NEW YORK -- Investors' appetite for stocks slowed this past week amid a spate of bad news, including weak retail sales, a brokerage downgrade of Texas Instruments Inc. and a downbeat revenue outlook from Nokia Corp.
While some retreat was to be expected given Wall Street's six-month runup, analysts fear stocks could be in for a deeper correction if increasingly demanding investors are disappointed by third-quarter profits. Investors are intently scrutinizing earnings reports and outlooks, and details like a drop in handset sales or software licenses can be enough to send the entire market lower.
"It is tough to be priced for perfection in a less-than-perfect world ... and the earnings preannouncement season looms," said Bryan Piskorowski, market commentator at Wachovia Securities.
Analysts say that with investors paying line-by-line attention to company reports, the market will be able to sustain its current high levels only if the quality of earnings - not just the numbers themselves - also improves.
For example, investors will look for earnings growth based on higher revenues - consumers and companies buying goods and services - not because of cost-cutting or favorable currency conversions. They'll also want outlooks for the fourth quarter and beyond to remain strong, especially with an expected rise in interest rates that could threaten to dampen consumer spending.

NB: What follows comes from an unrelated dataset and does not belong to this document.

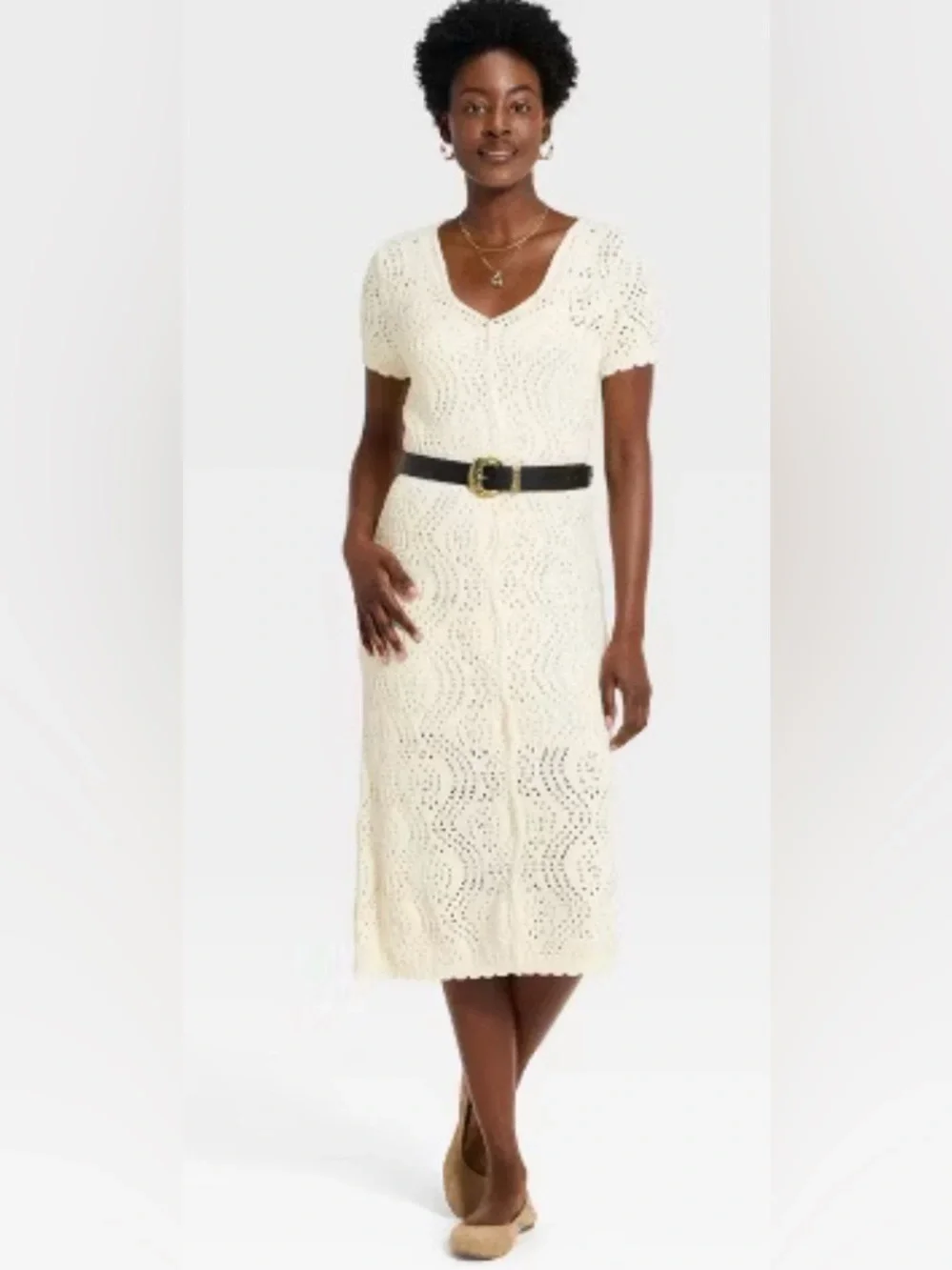 Women’s Cream Crochet Dress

"It depends entirely on economic growth and corporate profits rebounding on a sustained basis," said Joseph Keating, chief investment officer at AmSouth Asset Management.
Investors' uncompromising attitude this past week led to a lower finish for the three main gauges. The drop ended the Dow Jones industrials' five-week winning streak, and a four-week advance for the Nasdaq composite and Standard & Poor's 500 indexes.
On Tuesday, stocks fell on a disappointing revenue outlook from Nokia Corp. although the company also reported strong earnings. Analysts said investors were examining revenues more closely to see if handset sales were picking up.
On Wednesday, a lower revenue estimate from Texas Instruments Inc. added to investor fears about the strength of the third-quarter earnings season.
Friday brought a similar story, with stocks falling for much of the session on disappointing retail sales as well as sales of new software licenses by Oracle Corp.
"So much of the market has been driven by the technology companies and there has been the expectations built into stocks for a recovery as well as comments by senior management that it looks like business is improving," said Janet Engels, director of Private Client research group at RBC Dain Rauscher.
"The fact that the Oracle numbers were disappointing were not a huge negative, but a setback," she said. "It all leads to the bottom line that this economic recovery is uneven. That is what's causing the weakness."
But analysts note that the past week's declines were modest and might reflect more of a natural pullback than deepening investor concern about corporate profits. By and large, they say, the third-quarter earnings season should be strong - the only question is how much so.
Indeed, Wall Street has priced in a robust rebound in the economy and earnings with the major stock gauges standing well above the lows for the year that they hit March 11. The Dow is now up 26 percent, the Nasdaq has surged about 46 percent and the S&P 500 index has climbed 27 percent.
But Russ Koesterich, U.S. equity strategist at State Street Corp. in Boston, said given investors' high expectations, the earnings season will likely need to impress.
"The market is pricey, but rallies don't come to an end simply because too they're pricey. It will if earnings disappoint," he said.